Simple, natural, eco friendly stain remover, and it works. This Meliora soap stick for laundry stain removal is so effective, it's been known to save full loads of laundry.
Simply wet the fabric, rub the soap stick onto the stained area, then wash as usual. So easy, yet so effective.
It’s the coconut. Once saponified into soap, the fatty molecules in coconut attract the fatty molecules in stains, encircling and trapping them with a molecular bond, pulling them down the drain with the wash water. The glycerin helps loosen and pull dirt down too and is the result of saponification, as well.
Full Ingredient List: Vegetable Soap [Sodium Cocoate (from coconut), Glycerin, Organic Cocos Nucifera (Coconut) Oil, Water]
PACKAGING packaged in recyclable paperboard
SHIPS FROM Washington State, Pacific NW, USA
NERD ALERT: MORE INGREDIENT INFORMATION
Coconut Oil is the base vegetable oil used for soaps. Using only coconut oils results in a long-lasting, hard bar that is great for cleaning.
Sodium Cocoate: This is the chemical name of saponified (that is, 'made into soap') coconut oil. It's the chemical that grabs onto both dirt and water to do the cleaning.EWG certified 1, the best level.
Glycerin: This substance is chemically a type of alcohol and is naturally created when the oil is converted into soap. Glycerin is known for skin-softening abilities and is an effective solvent, meaning it can dissolve substances such as stains and dirt.
Organic Cocos Nucifera (Coconut) Oil: There is a small amount of coconut oil left in the soap after conversion to sodium cocoate. This is because we use sodium hydroxide, or lye, in the conversion process and leaving excess oil ensures there is no remaining lye in the finished product. Some soapmakers refer to this as 'superfatting' and more oil remaining results in a softer, more moisturizing bar.
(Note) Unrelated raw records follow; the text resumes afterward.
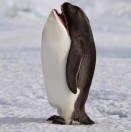 吕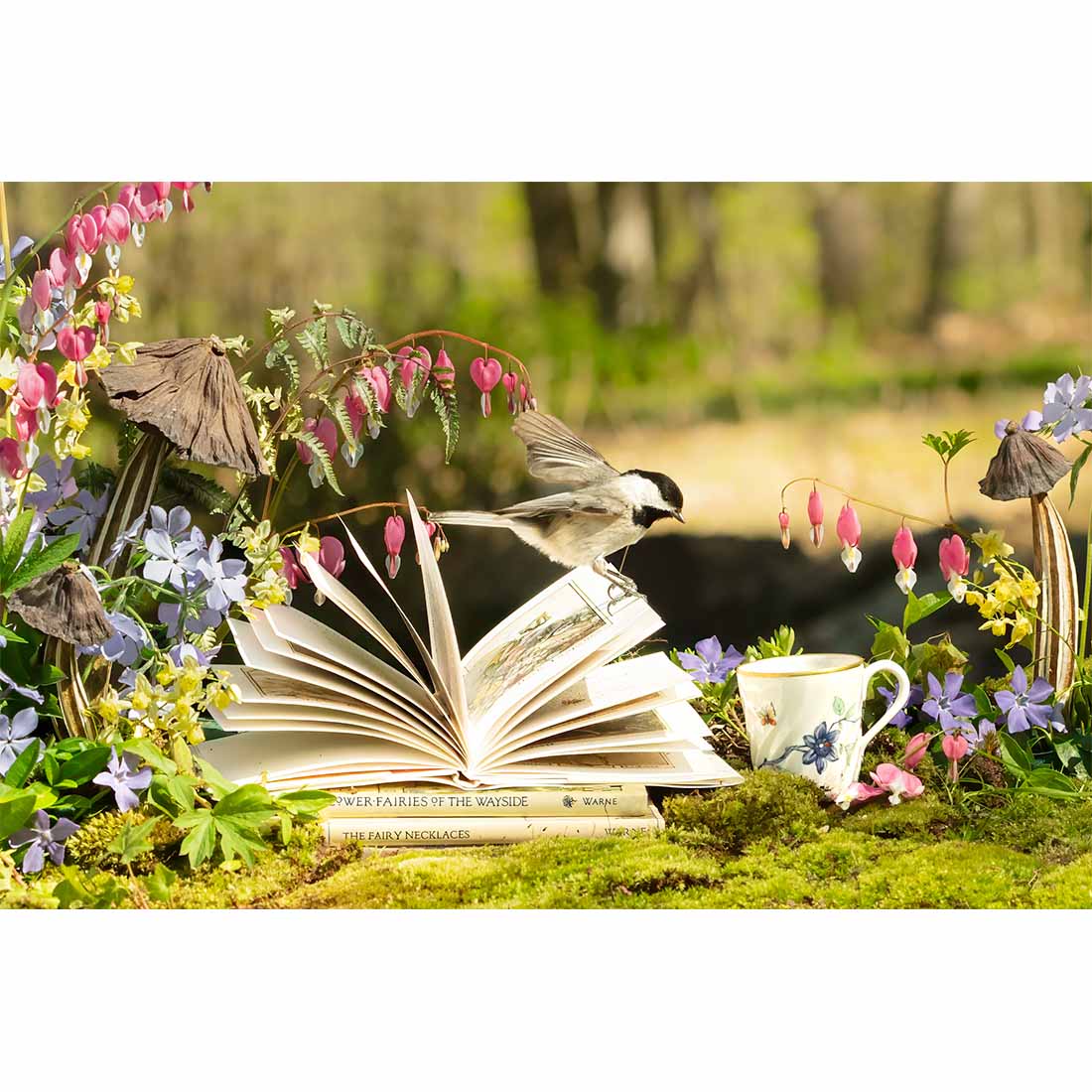 A Fairy Story Takes Flight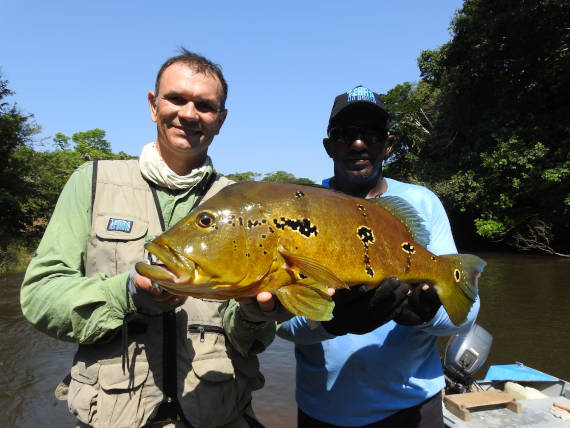 peixe tucunaré porteiro fisgado em pesca na Amazônia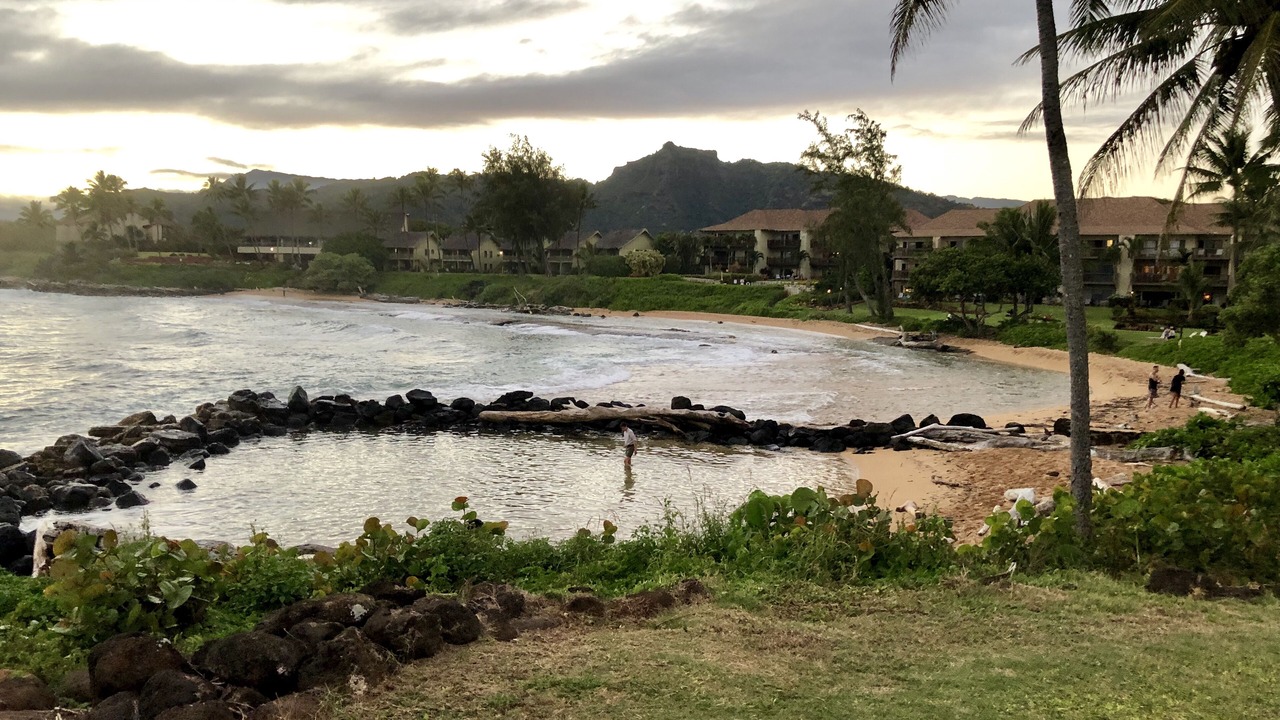 Photo of Others in Wailua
Our coconut soap bars have only a small amount of excess oil, so they are not the luxurious body bar type and more of a 'get the job done' type.
Water: Water is used in the soapmaking process as a substance that dissolves lye and then is a medium so the lye can reach all of the oil to react. After being used in this process, the water is allowed to evaporate from the soap over a period of several weeks, and the resulting dried bar has very little water. There is only about 5% water remaining in the finished bars, thus making them more shelf-stable than a liquid soap that would require a preservative due to the high (about 60%) water concentration.